You are viewing a plain text version of this content. The canonical link for it is here.
Posted to common-user@hadoop.apache.org by Savannah Beckett <sa...@yahoo.com> on 2010/12/26 06:05:52 UTC

How to do Secondary Sort on a String and a float?

I am writing a Secondary Sort to sort a String key and float value.  I am 
following the example in 
mapred/src/examples/org/apache/hadoop/examples/SecondarySort.java in the hadoop 
package.  The example is for a pair of integers.  I did lots of research online 
but most of them were still using the old API.  It seems that for the new API, I 
have to implement the RawComparator interface which means I need to write the 
compare byte function no matter what.  


I have problem with this code:
  public static class FirstGroupingComparator
                implements RawComparator<IntPair> {
    @Override
    public int compare(byte[] b1, int s1, int l1, byte[] b2, int s2, int l2) {
      return WritableComparator.compareBytes(b1, s1, Integer.SIZE/8,
                                             b2, s2, Integer.SIZE/8);
    }
    @Override
    public int compare(IntPair o1, IntPair o2) {
      int l = o1.getFirst();
      int r = o2.getFirst();
      return l == r ? 0 : (l < r ? -1 : 1);
    }
  }


How do I write the code inside the first compare function?  What should I put as 
the length of the String and float (primitive type) in the compareBytes 
function?  Does anyone have any examples for a pair of String and float?

Thanks.  Merry Christmas.



      

Re: How to do Secondary Sort on a String and a float?
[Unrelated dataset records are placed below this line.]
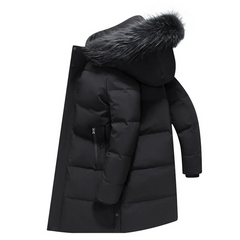 Winterjacke mit Fellimitat-Kapuze für Männer in Schwarz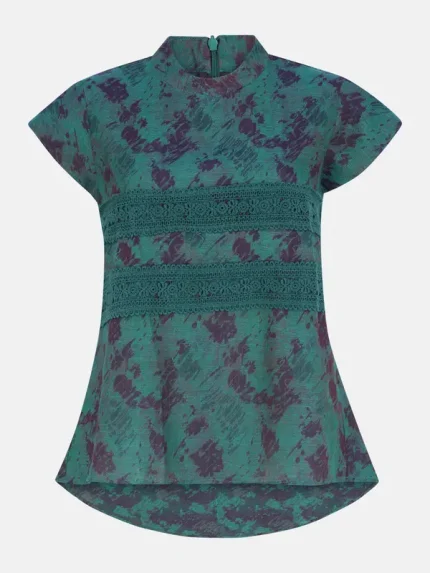 GreenPurple Textured Viscose Taaga Top
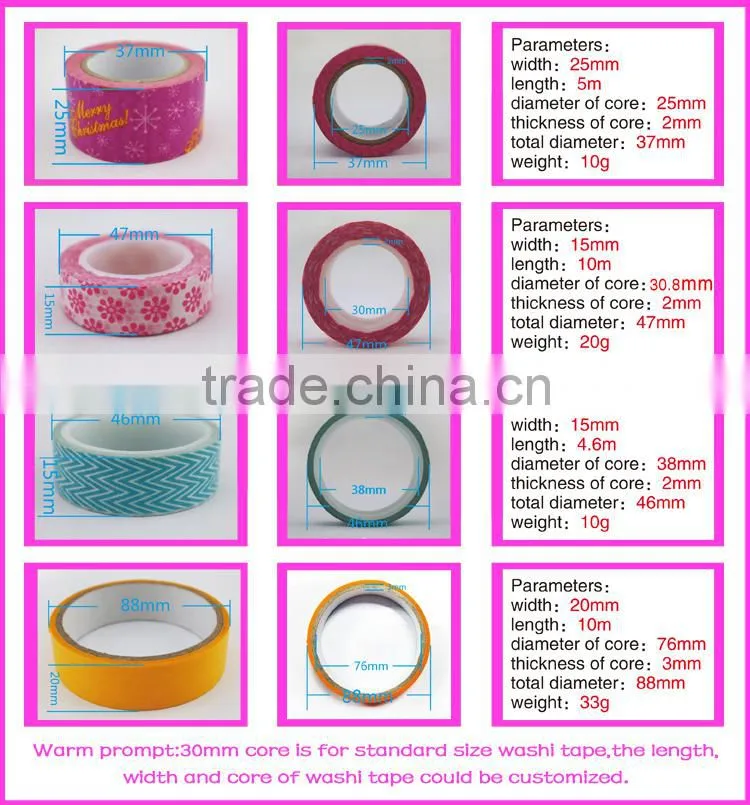 Hot sale custom neon color washi tape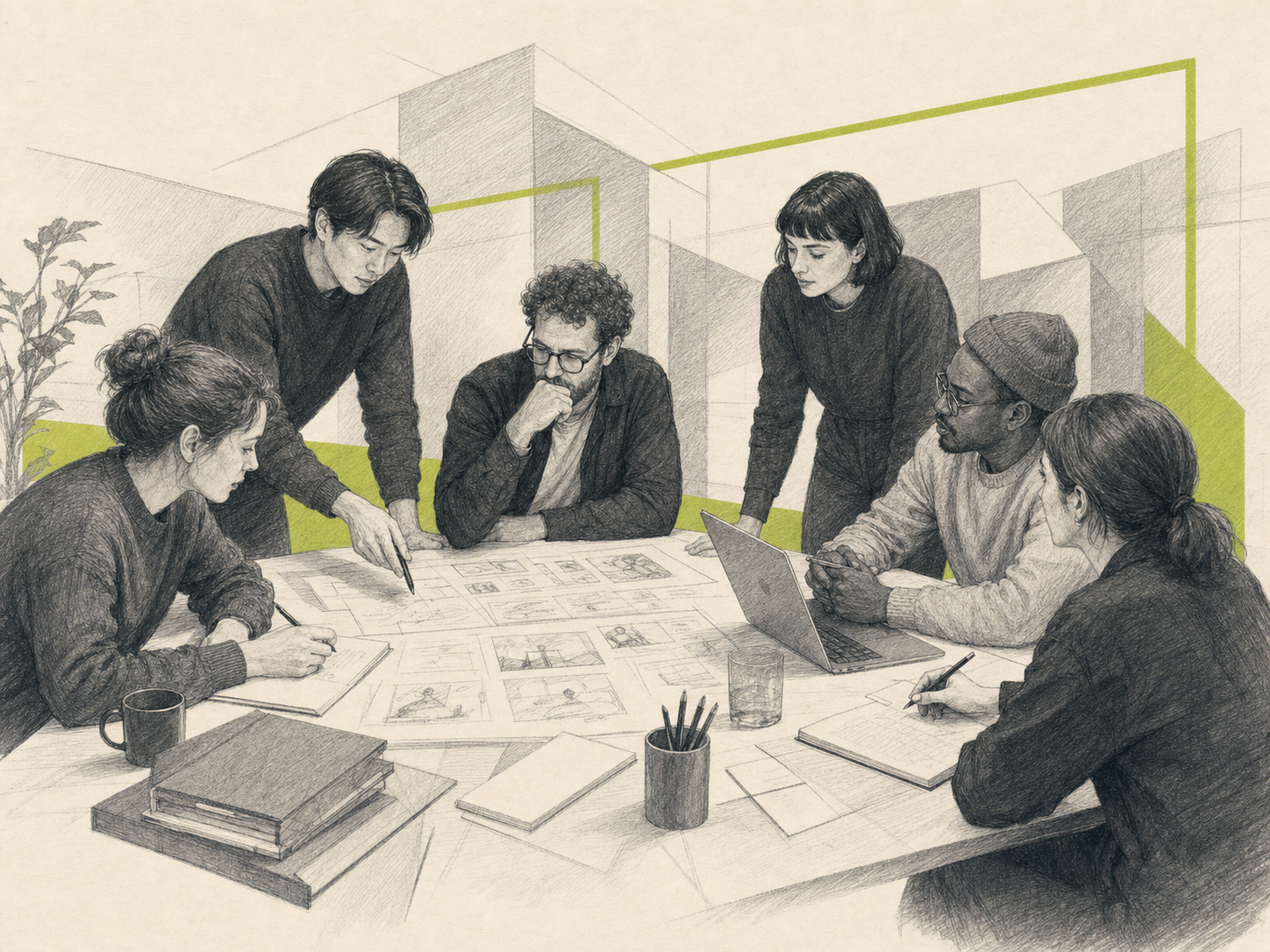 OLASI’s trusted network of creatives and specialists collaborating in the studio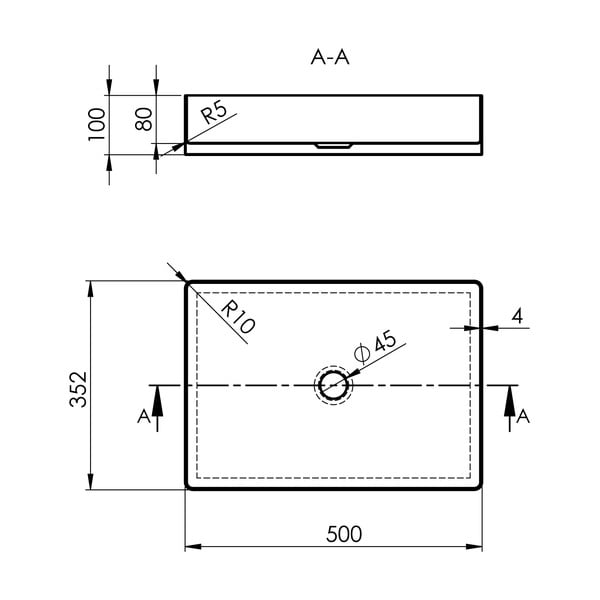Lavabo argentato in acciaio inox 50x35 cm Aurum – Sapho-image-2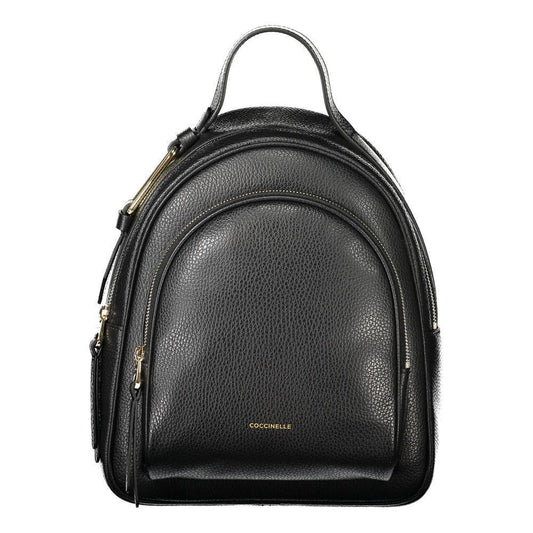 Coccinelle Black Leather Backpack CO-34867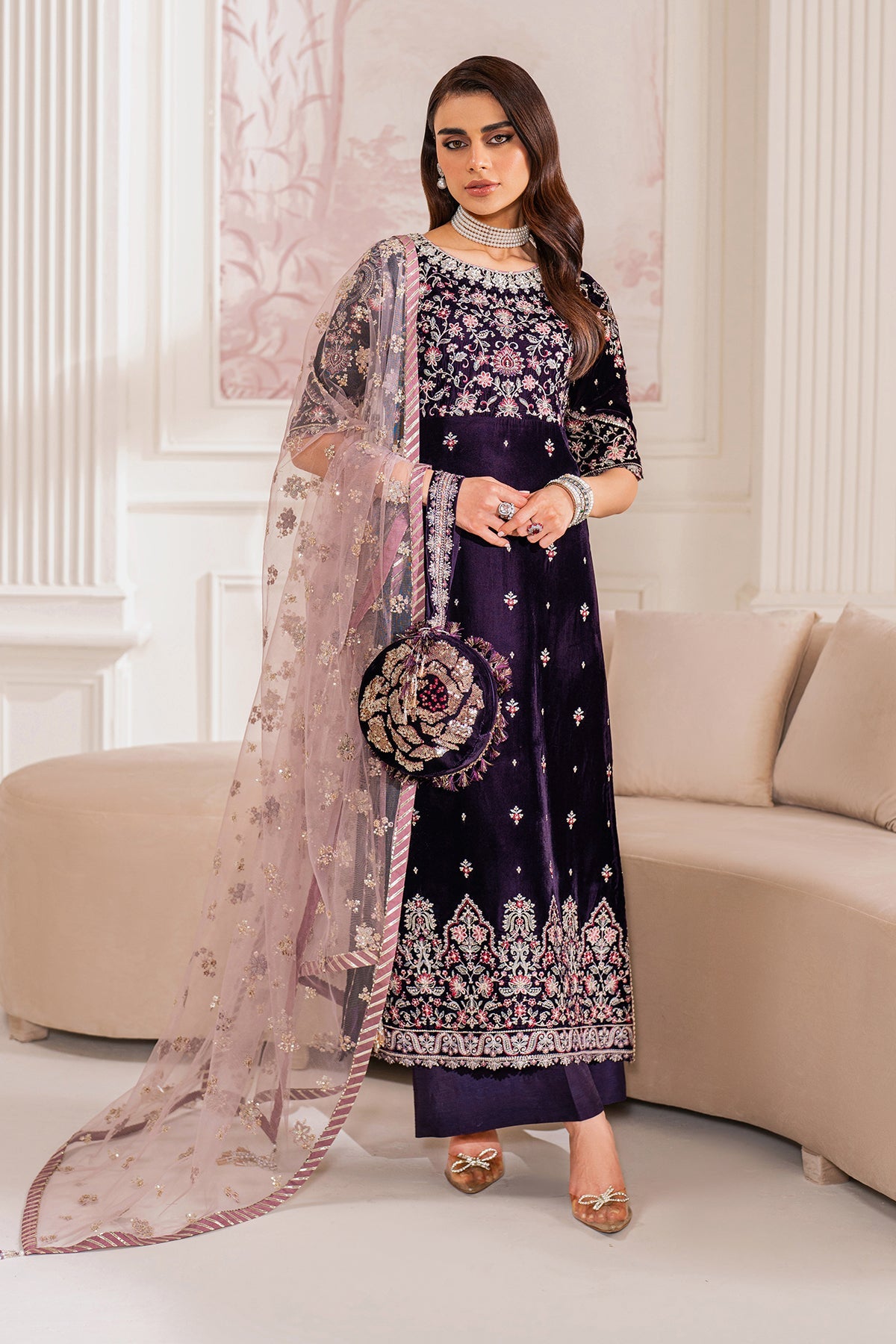 Libasco Baroque 3 Piece Custom Stitched Suit - Purple - LB288276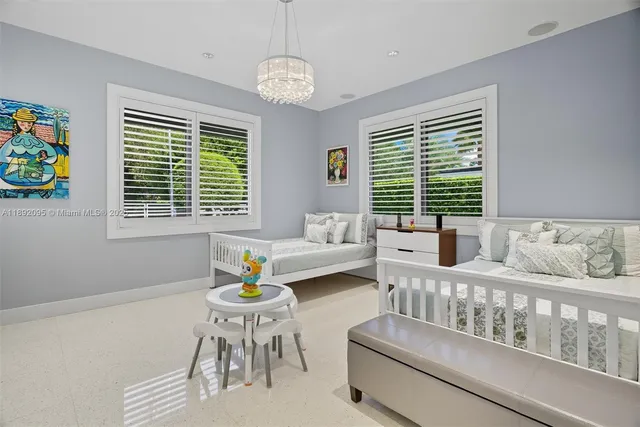 a view of a patio with furniture and a table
Posted by Harsh J <qw...@gmail.com>.
Hi,

You can use WritableComparator for "Writable" serializations. Docs
here: http://hadoop.apache.org/common/docs/current/api/org/apache/hadoop/io/WritableComparator.html

The issue lies with how you're encoding your pair of <String, Float>.
If you know sizes defined for each (or have a marker byte between,
etc.), you can extract the bytes out of the required object alone
(String or Float) and use the compareBytes function on it. The "s1 &
s2" define start points, and "l1 and l2" define lengths to read from
"s1 & s2" points -- on the passed byte[] arrays for the two "Writable"
objects.

You can also, perhaps, de-serialize the whole byte stream (via your
Writable.readFields()) and then compare object-wise -- but this would
make it slow, since byte-to-byte comparisions are faster, hence
RawComparator.

Avro has a neat serialization, I prefer using it over plain Writables.
Working with a "Schema" is much more easier.

-- 
Harsh J
www.harshj.com